I had chosen this site because it’s the only one on the lake, but the seclusion was not worth the effort at all. Mom always insists on finding the silver lining in things, so she decided she liked the rocks that provided a couple of decent (but low to the ground) work surfaces. There was also a brand-new thunderbox that I assume was installed during a recent lockdown.

We were so late arriving at the site (6:30 PM), that I was still boiling water and getting organized after dark. The temperature had risen, and we were more comfortable that night in terms of warmth, but I didn’t sleep a wink. I spent the whole night hoping it wouldn’t rain the next day, and that we wouldn’t need to be rescued. A light rain fell during the night while I was laying awake, which made me even more concerned, but it stopped after a bit.

Despite a lack of sleep, we got out of bed around 6:30 AM, and started to tear down so we could beat any rain that might be headed our way. We were very lucky that the climb down was reasonably dry. If it hadn’t been, I think we would’ve been using our rope to lower our packs down.

Norah Lake to Maggie Lake East (6 km – 4.5 hrs)

We left Norah at 8:30 AM, and got down safely. The trail was muddy, as always, but there was only one really challenging spot where you had to balance along a log for a much greater distance than usual. Most of the muddy areas were easy to go through or around, but this one was very wet, and balancing was the only real option.

Mom crossing a particularly muddy spot with the help of her trekking poles

Several people we passed going in the other direction told us that they had left Maggie just an hour before, but sometimes there was a full hour of hiking for us between these conversations. We quickly learned to double or even triple other people’s estimates.
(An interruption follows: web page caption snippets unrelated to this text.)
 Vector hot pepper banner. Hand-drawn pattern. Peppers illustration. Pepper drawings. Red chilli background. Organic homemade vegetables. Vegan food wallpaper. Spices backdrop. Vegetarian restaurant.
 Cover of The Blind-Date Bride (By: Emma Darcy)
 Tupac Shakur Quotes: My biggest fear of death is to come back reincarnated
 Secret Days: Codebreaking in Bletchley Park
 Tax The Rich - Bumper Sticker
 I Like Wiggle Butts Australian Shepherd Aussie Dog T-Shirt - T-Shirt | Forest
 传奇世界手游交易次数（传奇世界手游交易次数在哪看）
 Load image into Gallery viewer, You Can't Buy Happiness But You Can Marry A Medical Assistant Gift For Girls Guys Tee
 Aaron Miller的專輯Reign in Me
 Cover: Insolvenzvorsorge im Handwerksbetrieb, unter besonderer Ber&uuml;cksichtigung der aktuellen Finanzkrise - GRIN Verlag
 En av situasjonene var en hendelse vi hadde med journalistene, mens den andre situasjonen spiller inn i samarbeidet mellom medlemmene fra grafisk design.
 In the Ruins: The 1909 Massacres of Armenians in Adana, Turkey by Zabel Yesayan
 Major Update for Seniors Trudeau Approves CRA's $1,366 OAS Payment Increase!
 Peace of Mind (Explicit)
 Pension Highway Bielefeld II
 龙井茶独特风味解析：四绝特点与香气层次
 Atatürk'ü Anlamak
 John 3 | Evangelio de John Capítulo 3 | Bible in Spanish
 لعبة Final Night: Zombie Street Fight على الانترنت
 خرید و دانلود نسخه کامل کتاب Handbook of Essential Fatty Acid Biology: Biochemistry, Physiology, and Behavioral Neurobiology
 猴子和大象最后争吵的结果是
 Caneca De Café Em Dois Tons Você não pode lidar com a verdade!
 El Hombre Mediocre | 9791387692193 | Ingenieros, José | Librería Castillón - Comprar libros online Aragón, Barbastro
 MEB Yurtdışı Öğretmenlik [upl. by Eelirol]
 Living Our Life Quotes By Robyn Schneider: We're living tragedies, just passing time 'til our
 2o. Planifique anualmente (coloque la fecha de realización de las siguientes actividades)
At one point that day, mom slipped down a rock and fell, but she was fine, and even asked me to take a picture of her down on the ground. That same day, on one of our million micro-breaks, I sat on too low of a rock, and lurched forward when I was trying to get back up. My legs gave out under me, and I had to turn on to my side and use the rock to lift myself back up. I came out with a bruise on my arm, but was otherwise ok.

Mom after falling, with a relentlessly positive attitude

We were happy to get to the Mink Creek bridge, because it wasn’t much further to the Maggie East campsites. This bridge was somewhat grown over by long grasses, but in good shape and very easy to cross.

The hills near the end of this leg weren’t as bad as the day before, but we did find that the Maggie campsites were further apart than we expected from the map. We were told by another hiker that the first set of sites (#3-5) from our direction were lovely and even had beaches, but the one we could see from the trail was occupied, and we thought we’d be able to get to the others from the main trail, but I guess they are only accessible from that first side trail, which we didn’t venture down. We ended up at the site labelled #2 at about 1 PM. It was a lovely site with a great view of the lake, and very private.

Maggie Lake East, campsite #2

The fire pit there was nice, with lots of benches and a couple standing grills, one of which I used as a table. The water access was off to the right when facing the site from the trail, and although it had a rocky bottom, it was easy enough to get to.

We were able to get settled before the rain came, and even had the tarp ready. It sprinkled off and on a few times throughout the afternoon, but barely touched us between the canopy and the tarp.

My Kammock tarp in action at Maggie Lake East

It was on this day that mom pointed out the absurd number of bug bites I had down the backs of my legs. This only got worse throughout the trip, and at one point I saw another woman whose legs looked about the same. I had wondered about why the majority of my bites weren’t itchy, and she said exactly the same thing. I honestly didn’t know they were even there until mom pointed them out on day three.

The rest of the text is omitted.